Zero day cyber threats

If a threat directly attacks modern day chips, undetectable or infects through a smartphone, perhaps the vulnerability is in the hardware design

By Jeremy Pollard, CET

I finally read something that I have been saying for years now: The Industrial Internet of Things (IIoT) has been around forever. It’s just different now.

Albert Rooyakkers, CTO of Bedrock Automation, mentions in the second installment of Bedrock's white paper series, that Moore's law, software and communication standards along with cyber-threat vectors are reaching out to embedded computing industrial edge device things. It’s the perfect description for anything IIoT.

He was talking about and referring to Bedrock’s designed-from-the-floor-up power supply systems. A cyber-threat vector on a typical power supply would be to render the power supply useless. While most power supplies are switching supplies, an injection of physical noise could shut the power supply down.

State of Technology Report: Time-sensitive networking

It shouldn’t be that hard, but yet it has to be to incorporate all the tools and hooks to make the system impenetrable, if there is such a thing.

I remember back in the good ol' days when a power supply could be “bricked” by keying a walkie-talkie in the vicinity of the supply itself.
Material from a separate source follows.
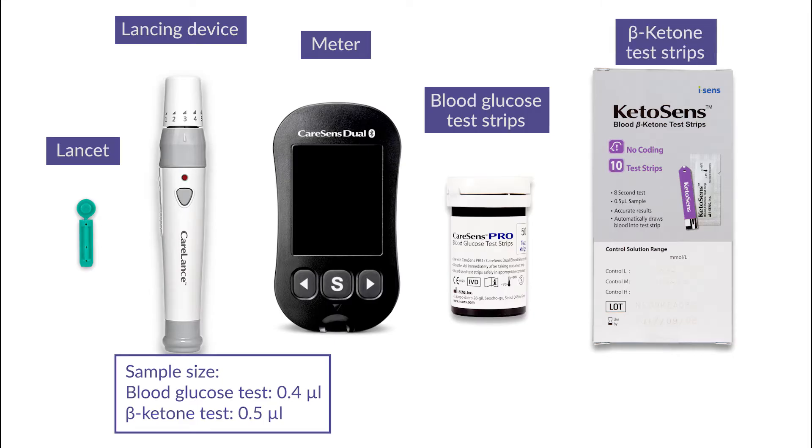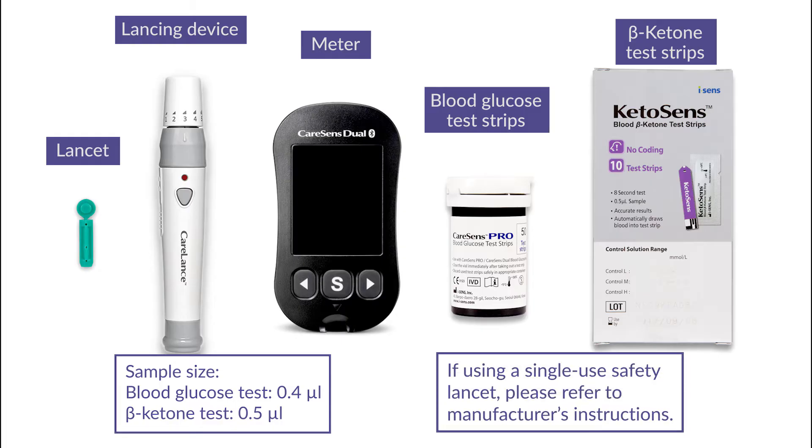A minimum volume of 0.4 microlitres is required for a blood glucose test and 0.5 microlitres for a blood beta ketone test. If using a single-use safety lancet, please refer to the manufacturer's instructions.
While I am not a power-supply expert, one wonders what attack vectors can be applied to modern-day supplies.

And then, by God’s wish, I get an email on the cyber threat that modern-day chips can present to the systems that they are installed in. These chips from Intel, ARM, AMD and Qualcomm should demand more attention to the hardware design process and the possible effect on the system's cyber-readiness.

The report, prepared for Defense One, a political news site, suggests that the only true mitigation is hardware replacement. While that would help with the employment numbers, it isn’t very practical.
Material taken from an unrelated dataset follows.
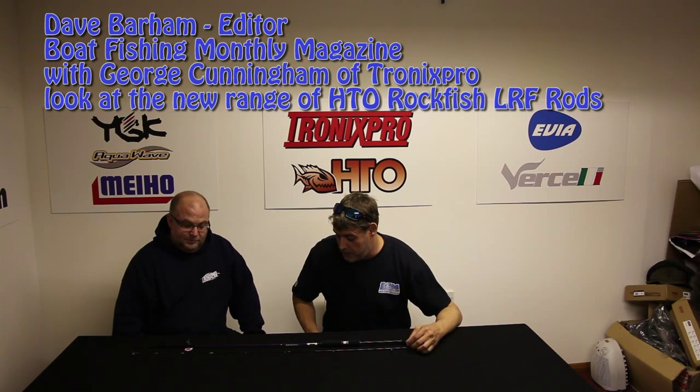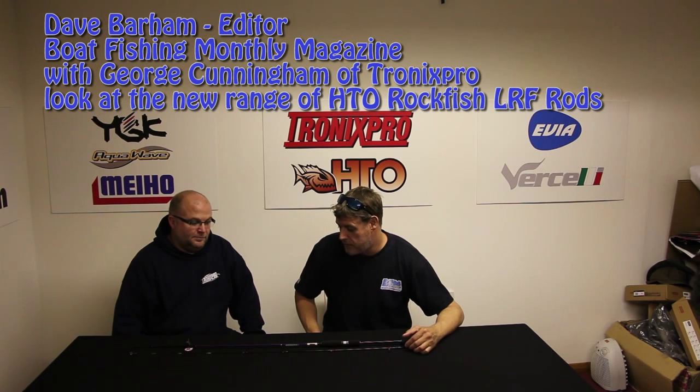HTO rods — the lure game I've been using, the spinning rods, absolutely brilliant. I've only really just got into the real serious LRF side of things. Obviously these are designed for LRF fishing and you've got your rockfish rods.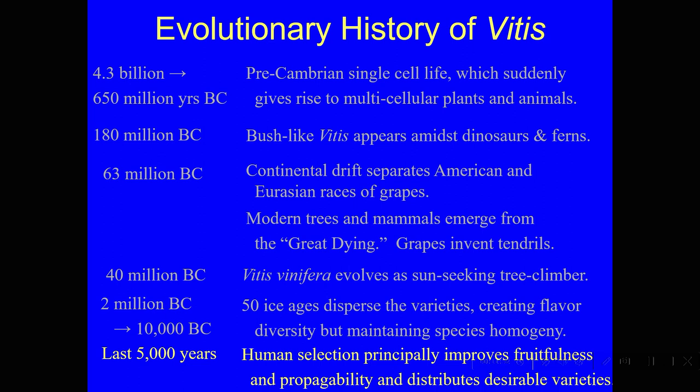Later on, that Pinot Grigio — or Ruländer as it was called — evolved again and lost its other color gene, turning into a white grape called Pinot Blanc. There have been a few changes that man has brought about in the human era, but not very many. Mostly it was all there when we showed up.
Meltdown and Spectre exploit hardware vulnerabilities in modern-day CPUs, which are used by many industrial-control-system (ICS) manufacturers. These cyber attacks however break the software rules by allowing communication between running programs which were previously thought to be running in protected memory. The exploit can bridge between the operating system (OS) and the applications running to gain access to data, including passwords and sensitive data.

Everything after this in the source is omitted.